▶ Problem description
Print each record exactly as it appears, but drop the images.

Image-caption web data:
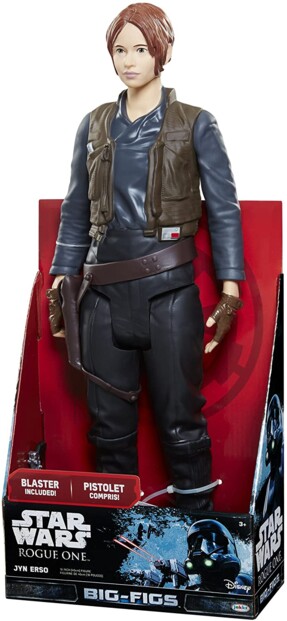 Star Wars Actionfigur Jyn Erso - 45 cm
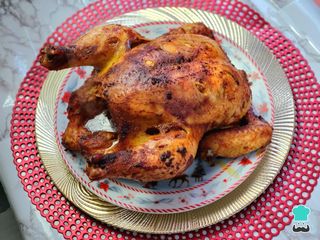 Pollo Asado 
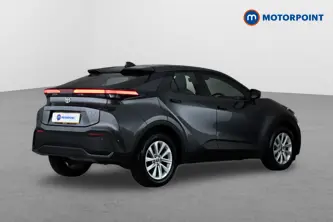 Toyota C-Hr Icon Automatic Petrol-Electric Hybrid SUV - Stock Number (1676774) - Drivers side rear corner
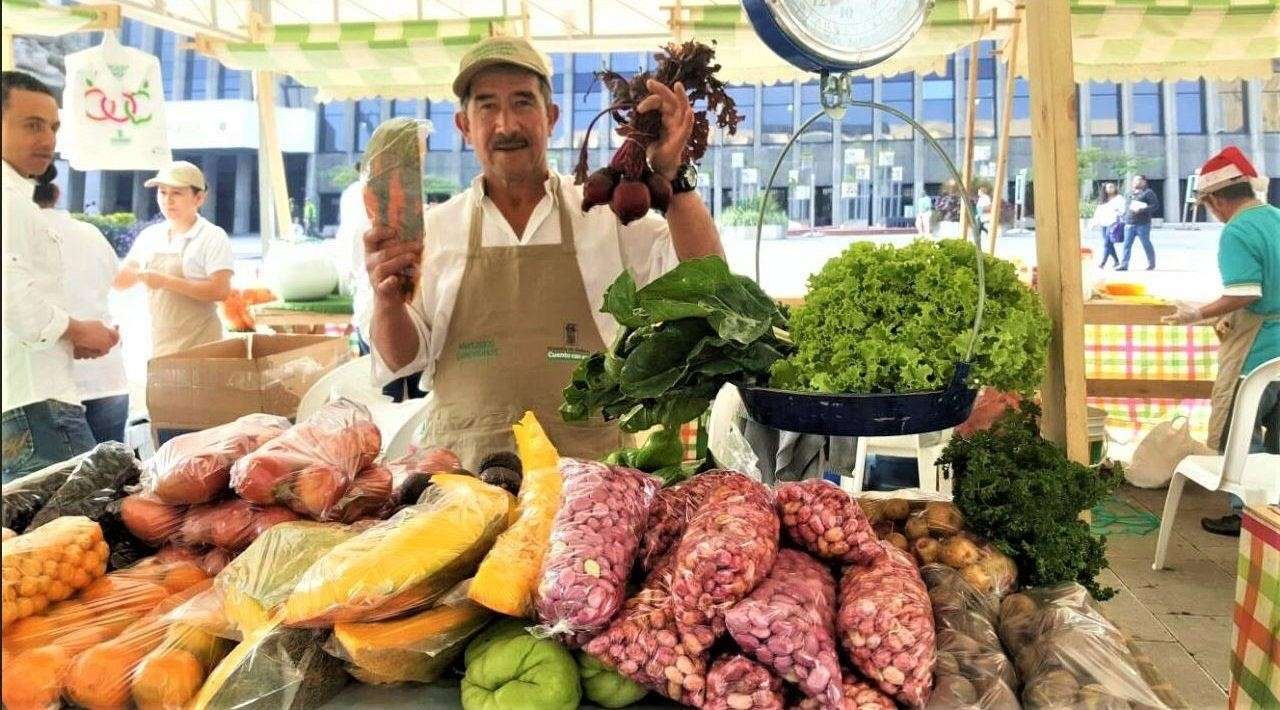 Ubalá se prepara para el ‘Gran Mercado Campesino 2024’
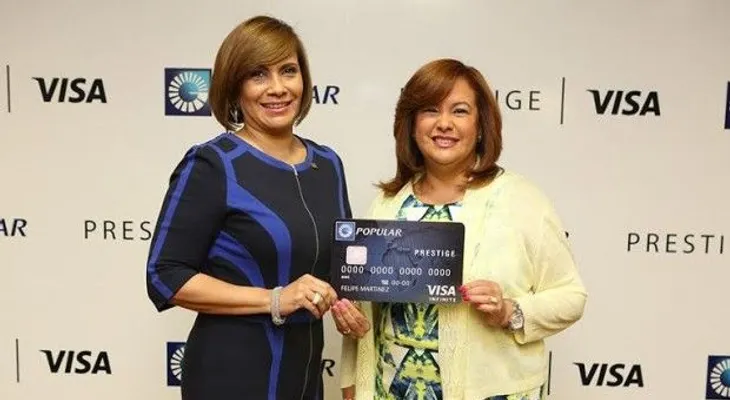 Banco Popular amplía su portafolio de tarjetas Premium con Visa Prestige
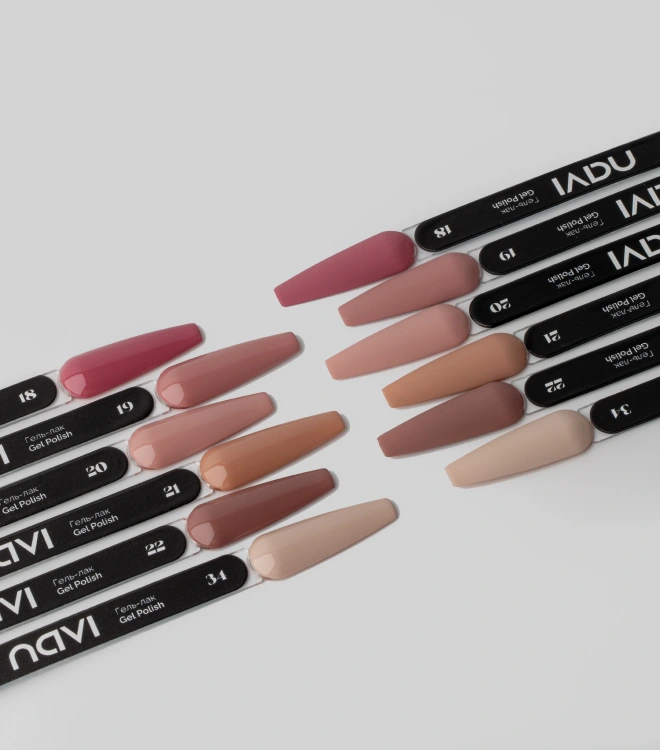 Цветной гель-лак The Office 22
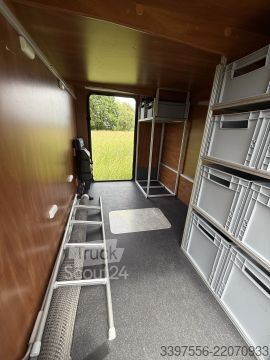 Camping-car semi-intégré Laika Kreos 4009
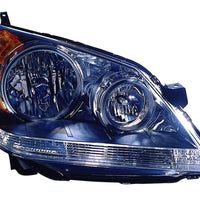 HEAD LAMP RH CAPA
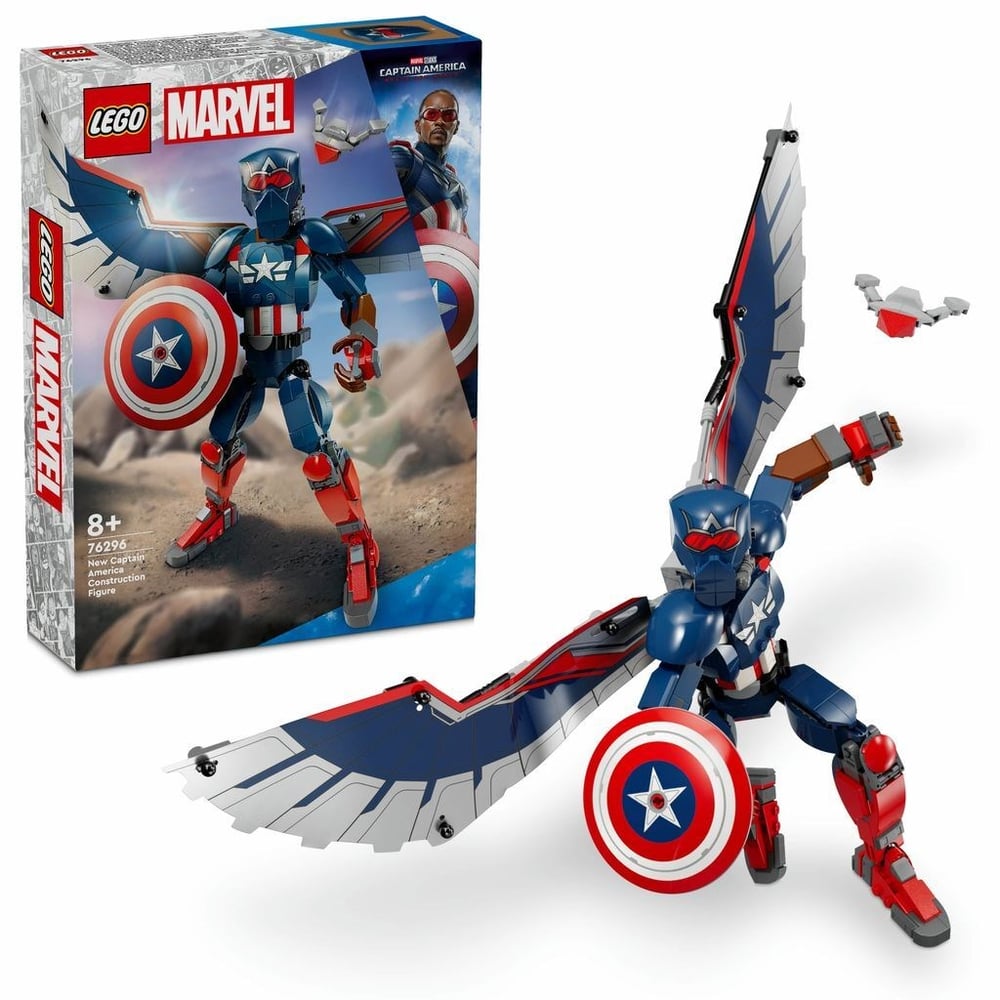 ADOL-LSS76296 CPT AMERICA 6
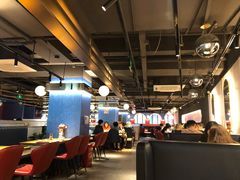 大堂-斗牛士牛排(南京东路店)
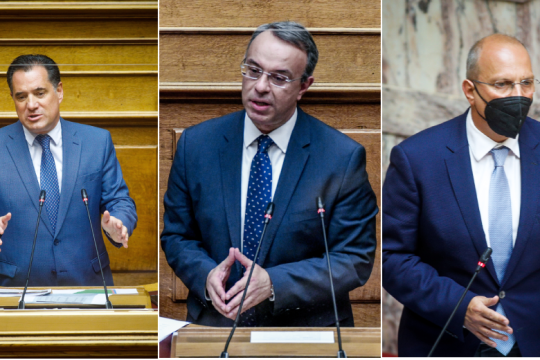 Κυβερνητικό αλαλούμ με τον ΦΠΑ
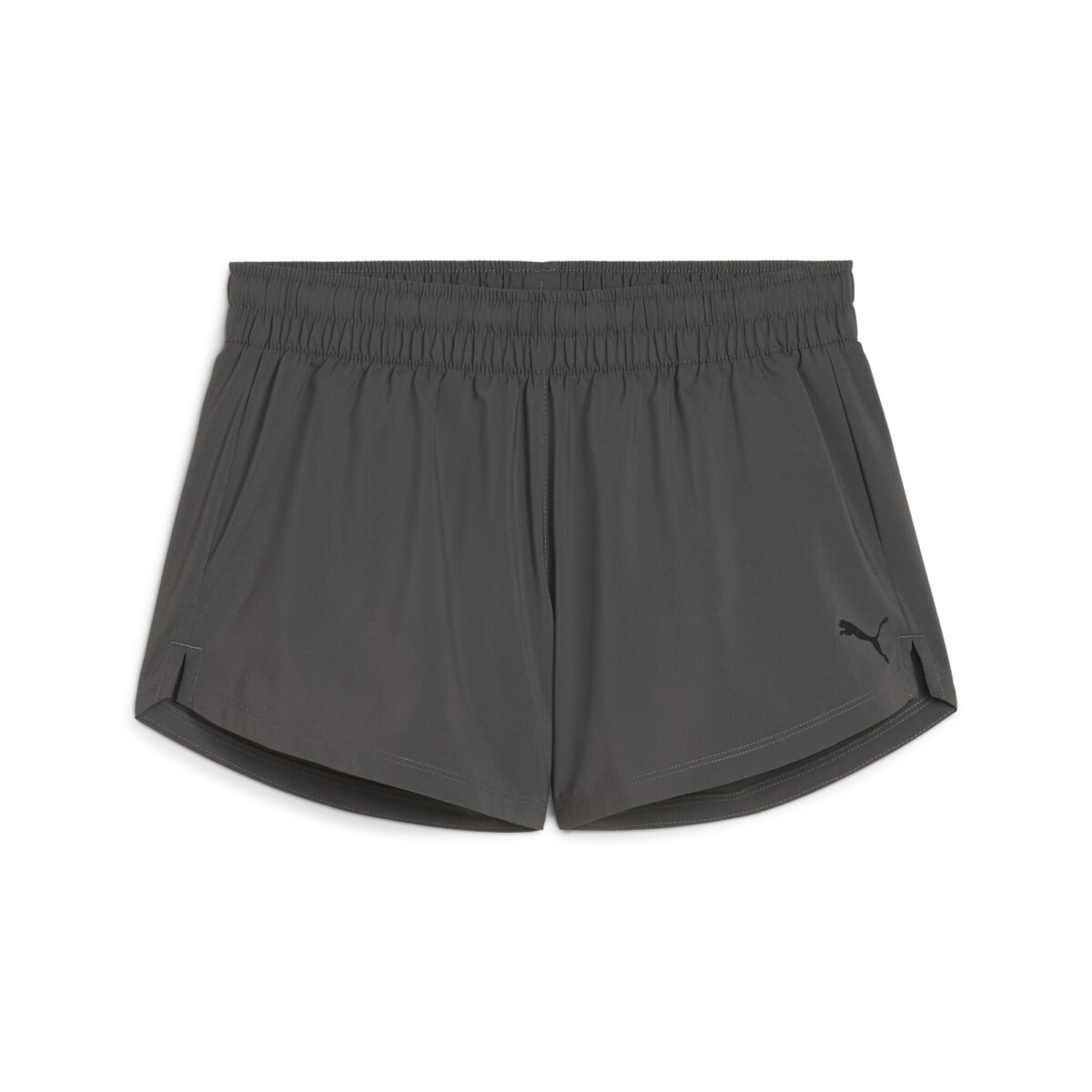 W TAD Ess 3 Wov.Short 52590344 - Gris Oscuro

▶ Answer section
 Star Wars Actionfigur Jyn Erso - 45 cm
 Pollo Asado 
 Toyota C-Hr Icon Automatic Petrol-Electric Hybrid SUV - Stock Number (1676774) - Drivers side rear corner
 Ubalá se prepara para el ‘Gran Mercado Campesino 2024’
 Banco Popular amplía su portafolio de tarjetas Premium con Visa Prestige
 Цветной гель-лак The Office 22
 Camping-car semi-intégré Laika Kreos 4009
 HEAD LAMP RH CAPA
 ADOL-LSS76296 CPT AMERICA 6
 大堂-斗牛士牛排(南京东路店)
 Κυβερνητικό αλαλούμ με τον ΦΠΑ
 W TAD Ess 3 Wov.Short 52590344 - Gris Oscuro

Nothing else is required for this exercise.